= Prompt =
Only the lines from the one containing "Citroen C3 1.2 puretech turbo max 100cv" through the end of the listing are to be repeated, exactly and without pictures.

= Supplied material =
--

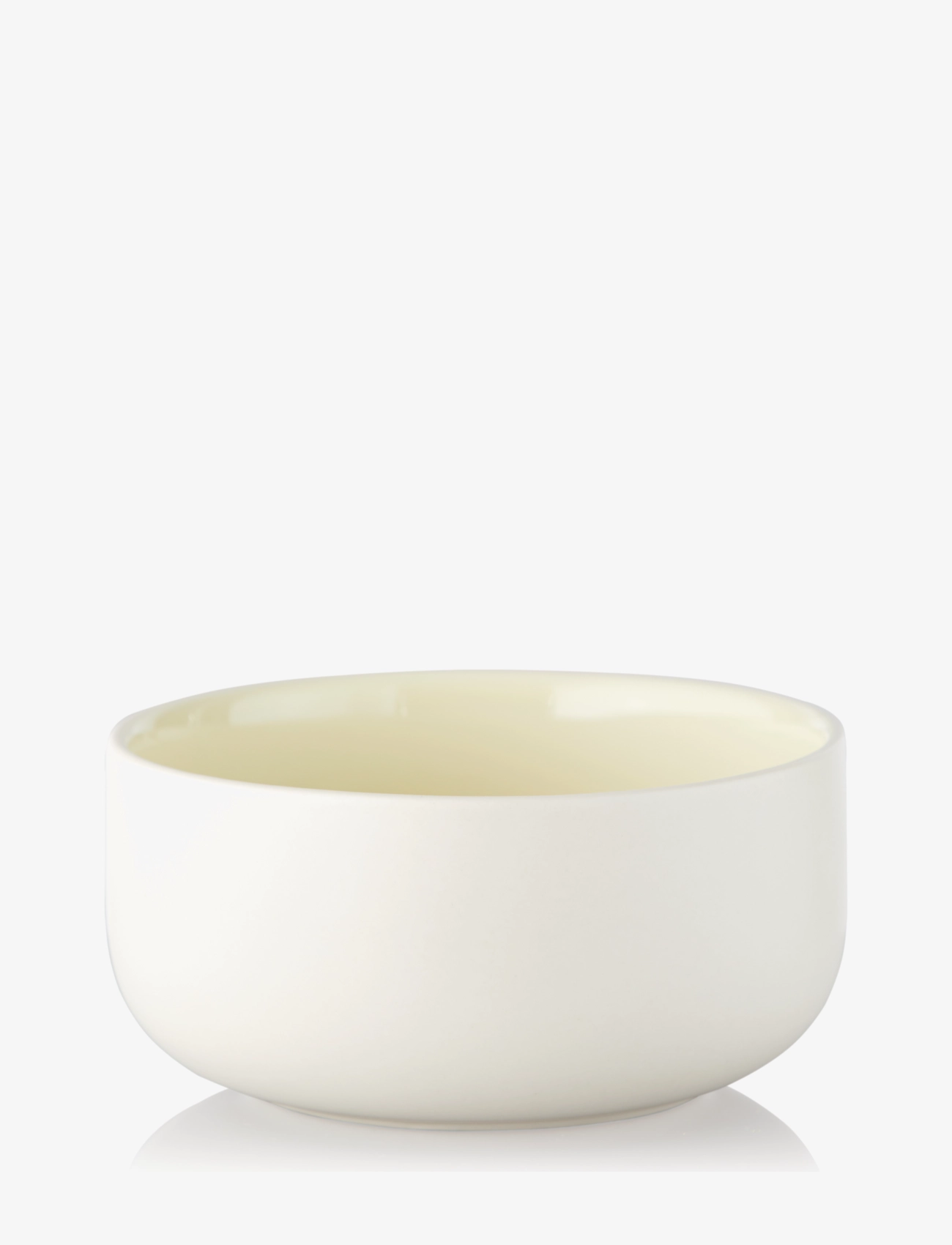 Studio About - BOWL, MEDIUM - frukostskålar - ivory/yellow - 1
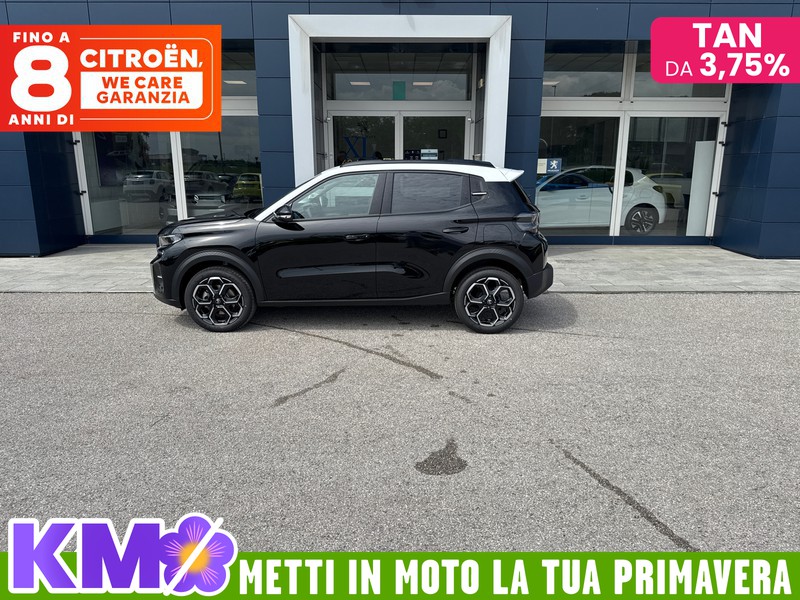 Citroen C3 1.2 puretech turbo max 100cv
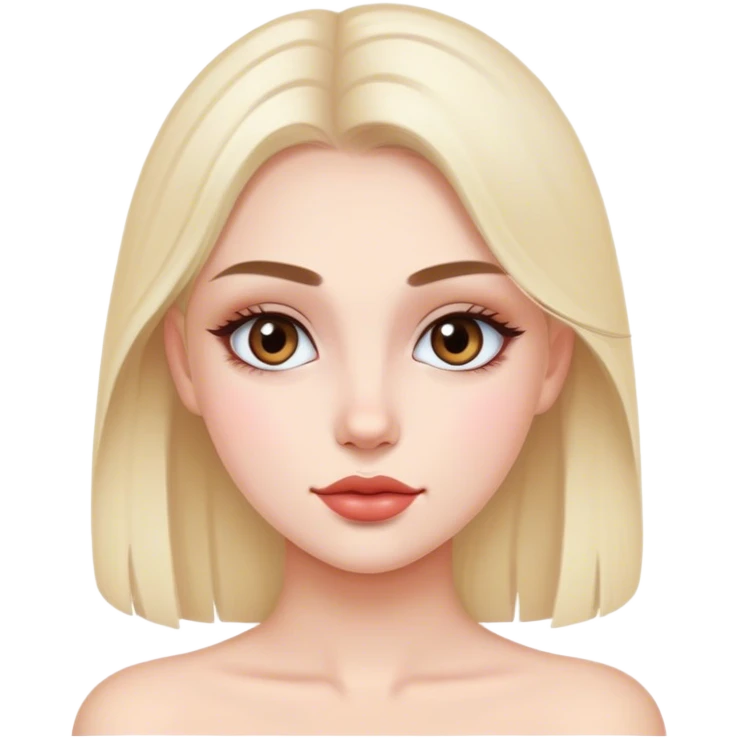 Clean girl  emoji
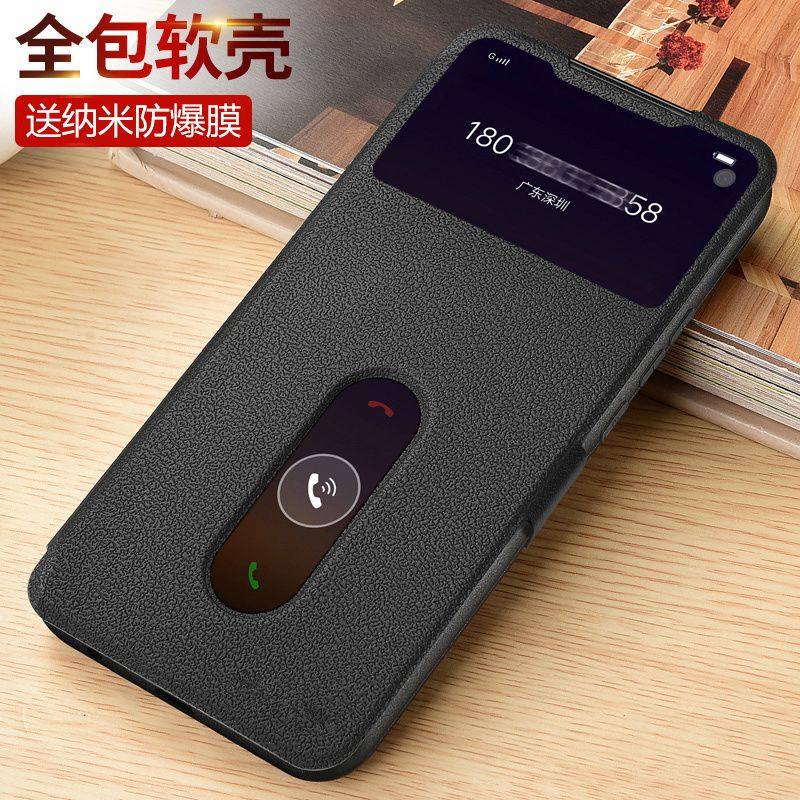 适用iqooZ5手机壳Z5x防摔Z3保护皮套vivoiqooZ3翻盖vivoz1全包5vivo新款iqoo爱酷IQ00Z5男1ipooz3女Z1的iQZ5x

--

= Response to this exercise =
 Citroen C3 1.2 puretech turbo max 100cv
 Clean girl  emoji
 适用iqooZ5手机壳Z5x防摔Z3保护皮套vivoiqooZ3翻盖vivoz1全包5vivo新款iqoo爱酷IQ00Z5男1ipooz3女Z1的iQZ5x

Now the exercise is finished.